JURNAL3 / JAKARTA – Demokrasi Indonesia mengalami kemunduran. Banyak indikasi yang membuktikan penurunan kualitas demokrasi. Makin meluas berpolitik a’la post truth, politik yang mengedepankan emosi ketimbang rasio, munculnya parpol bergaya firma yang kental nuansa oligarki, hingga demokrasi dibajak para elit yang mengatasnamakan rakyat.
Analisis ini disampaikan Firman Noor. Menurutnya, secara global, kemenangan Brexit di Ingggris dan Donald Trump di AS membuktikan bagaimana menangnya post truth dalam politik.

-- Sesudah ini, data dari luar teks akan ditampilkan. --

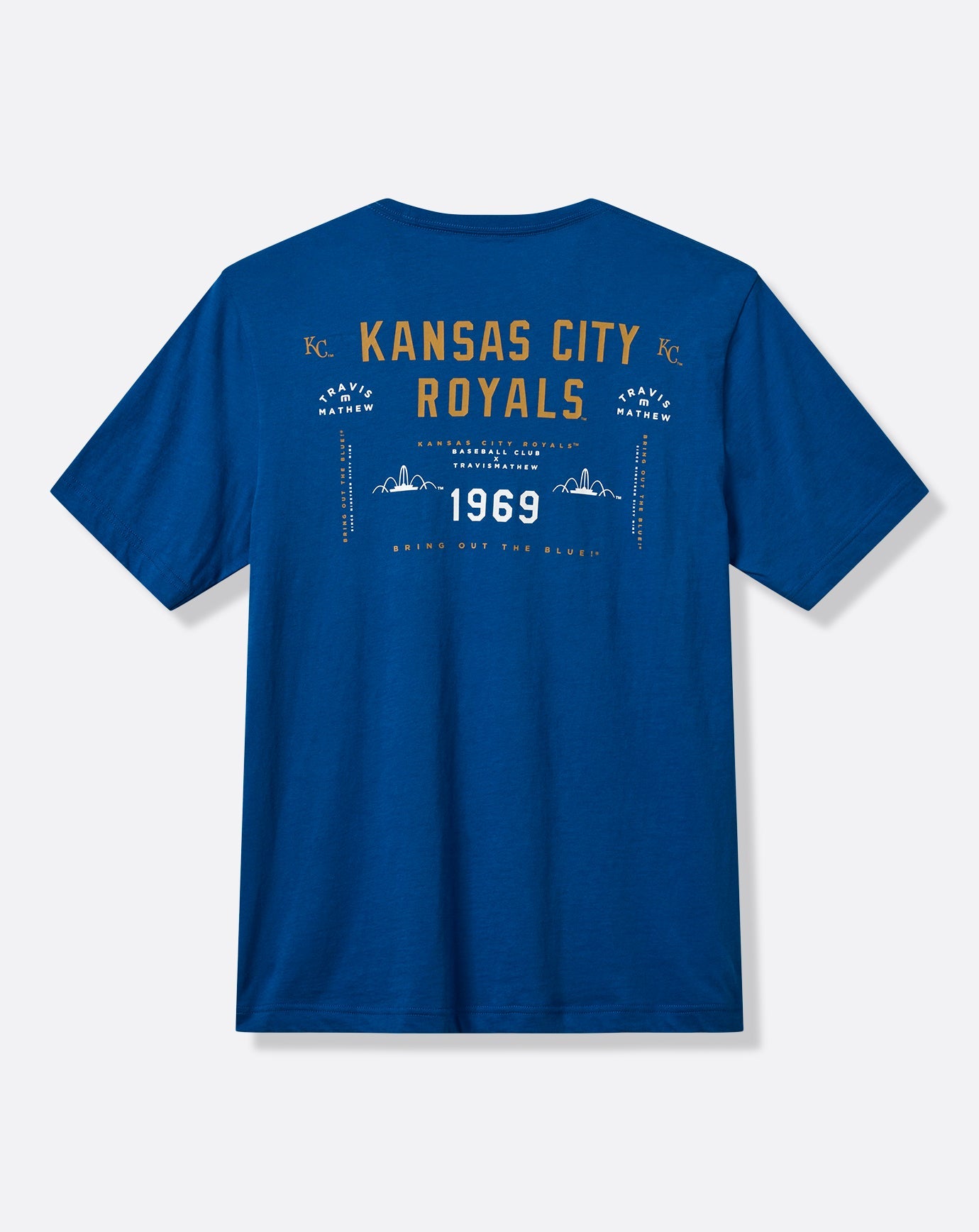 Kansas City Royals Base Hit Bliss Tee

Dimana para politisi berani melakukan apapun termasuk kebohongan untuk memenangkan sebuah kontestasi.
Dalam konteks Indonesia, keterpurukan demokrasi tidak saja dirasakan oleh para akademisi di tanah air. Bahkan, papar Firman, harian ternama di Inggris The Guardian mulai meragukan komitmen Presiden Jokowi dalam menjaga demokrasi. Apa yang disampaikan oleh Guardian tampak seolah mempertanyakan label A New Hope yang pernah diberikan majalah Time kepada Jokowi.
“Secara umum ini bukan hanya fenomena di Indonesia. Economist Intelligence Unit menilai kehidupan demokrasi di dunia mengalami kemunduran. Di Asia Tenggara, peringkat demokrasi Indonesia berada di bawah Malaysia dan Filipina. Hal itu membuktikan demokrasi kita mengalami kemunduran,” jelas pengajar di Departemen Ilmu Politik Universitas Indonesia ini.
Firman lantas mewanti-wanti, bahwa bila situsasi tersebut tidak diperbaiki maka bisa berujung pada kematian demokrasi. Apalagi fungsi parpol sebagai wadah rekrutmen dan kaderisasi pemimpin publik sudah semakin tak menentu.
Tidak sedikit parpol yang hanya jadi tempat bernaung bagi elite tanpa proses regenerasi dan kesungguhan membangun demokrasi internal. Hal ini, lanjutnya, berpotensi melanggengkan oligarki yang menjadi musuh demokrasi.
Lalu apa yang menyebabkan demokrasi itu mati? Firman lantas memaparkan beberapa persoalan mendasar.
Pertama, masyarakat yang tidak peduli politik, dan masih berada dalam garis kemiskinan. Demokrasi dengan situasi ini sangat berbahaya, karena mudah dimanipulasi, dibeli, dan dibajak.